We use Myus for importing watercooling parts for pc's , and have spoken to them about juice. The issue is they declare all items in the shipment so there is a chance you will have an issue with customs if there is nicotine in the juice. would not take the chance myself.

Reactions: Like 2


----------



## Andre (2/12/13)

iPWN said:


> We use Myus for importing watercooling parts for pc's , and have spoken to them about juice. The issue is they declare all items in the shipment so there is a chance you will have an issue with juice. would not take the chance myself.


That is good to know, thanks.

Reactions: Like 1


----------



## Zodiac (2/12/13)

iPWN said:


> We use Myus for importing watercooling parts for pc's , and have spoken to them about juice. The issue is they declare all items in the shipment so there is a chance you will have an issue with customs if there is nicotine in the juice. would not take the chance myself.
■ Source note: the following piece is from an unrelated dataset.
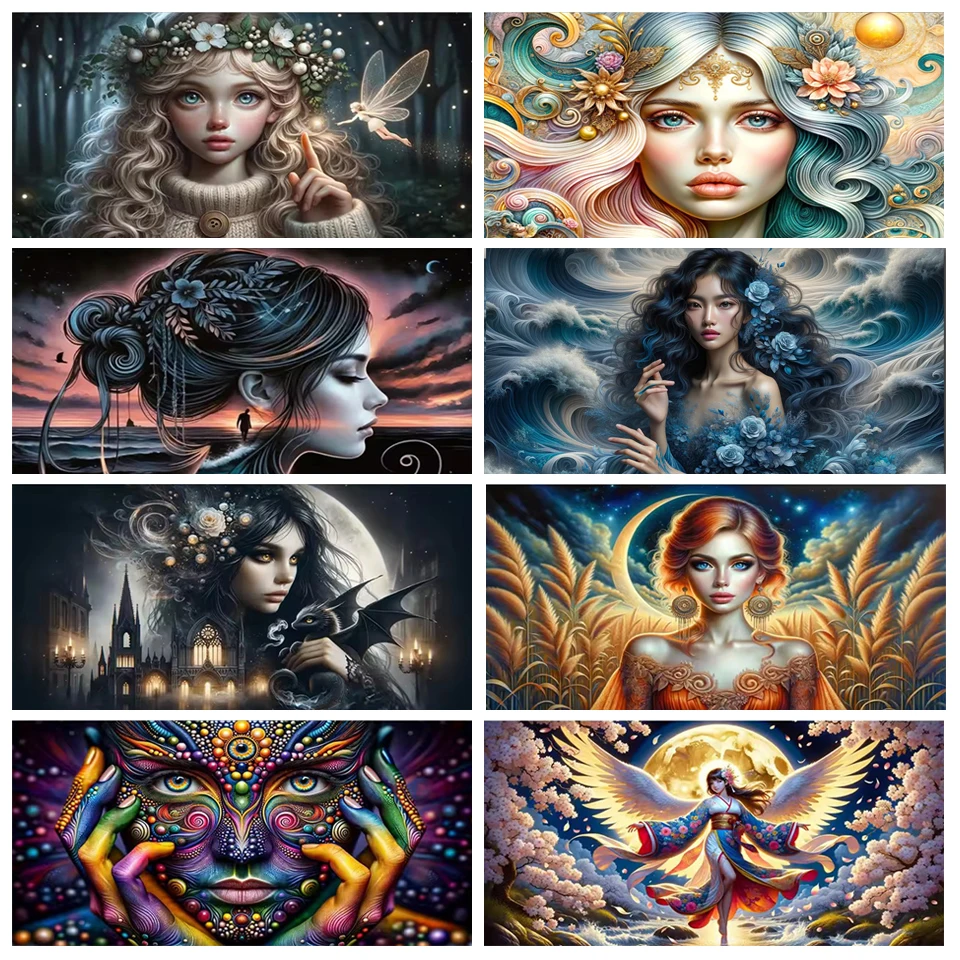 5D DIY Diamond Painting stunning Serene Beauty Sweet memories Full Square/Round Diamond Mosaic Embroidery Large For Wall Decor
Yeah, been down that road, asked them myself as well. They used to destroy invoice for $2 (lol), but they stopped that about two months ago. But even so, the bottle would still stipulate nic, no go there. So any other ideas how we going to get our hands on the infamous Boba's bounty ?
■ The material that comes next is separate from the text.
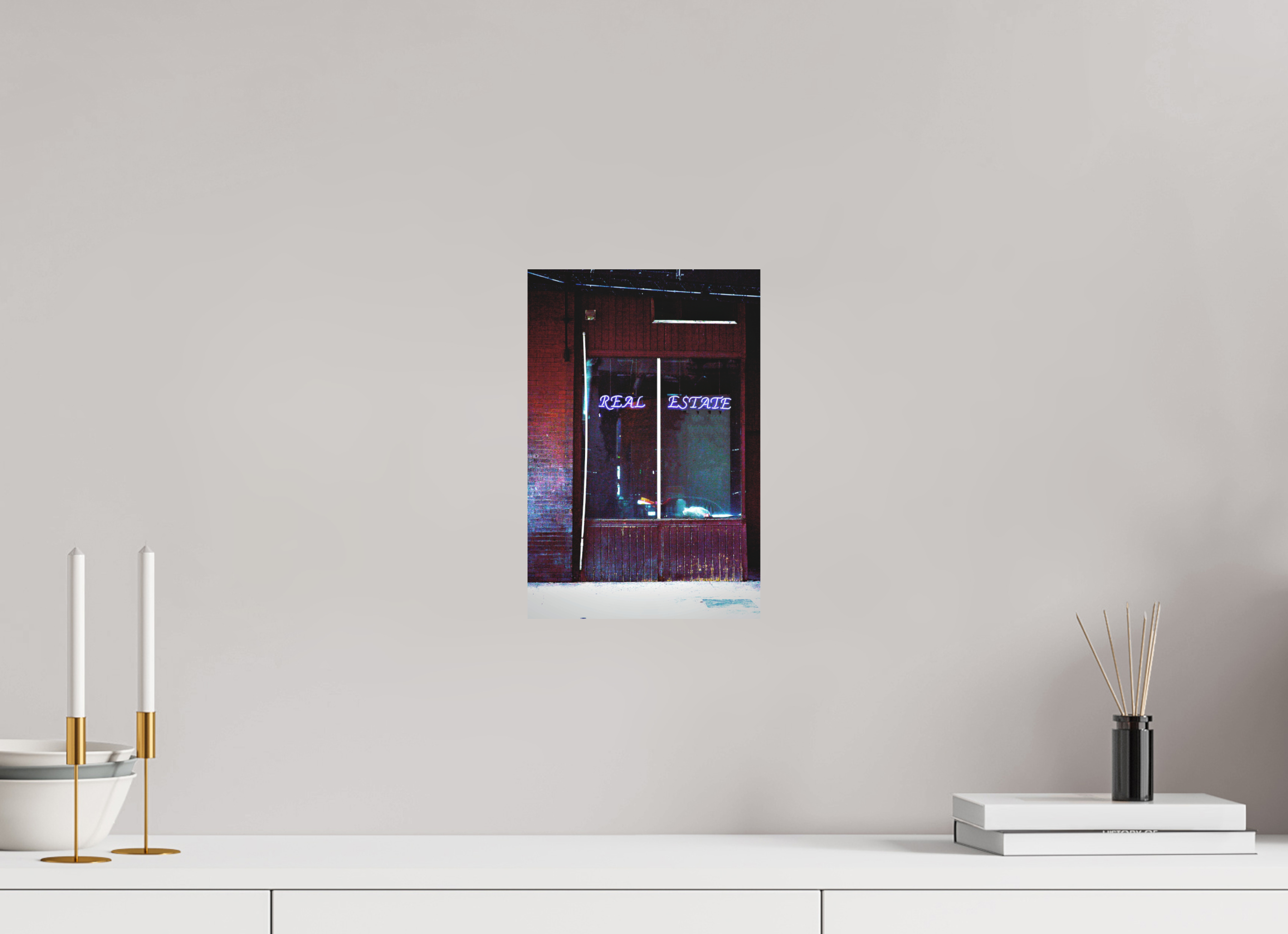 8 x 12″, Aluminum Dibond Real Estate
Sent from my iPhone using Tapatalk

Reactions: Like 1


----------



## Tom (2/12/13)

just saw that there is an importer in Germany, 25 euros for 30ml, R325. Maybe on my next trip to Germany...
https://www.vapor-freak.de/E-Liquid/Alien-Vision-E-Juice


----------



## Andre (2/12/13)

Tom said:


> just saw that there is an importer in Germany, 25 euros for 30ml, R325. Maybe on my next trip to Germany...
> https://www.vapor-freak.de/E-Liquid/Alien-Vision-E-Juice


Lol, that will break the bank. Most affordable gourmet juice to import still Heather's Heavenly Vapes, and they mark customs friendly.


----------



## Tom (2/12/13)

yeah...its a hefty price tag. Not for every day. I would just like to test what the hype is about.


----------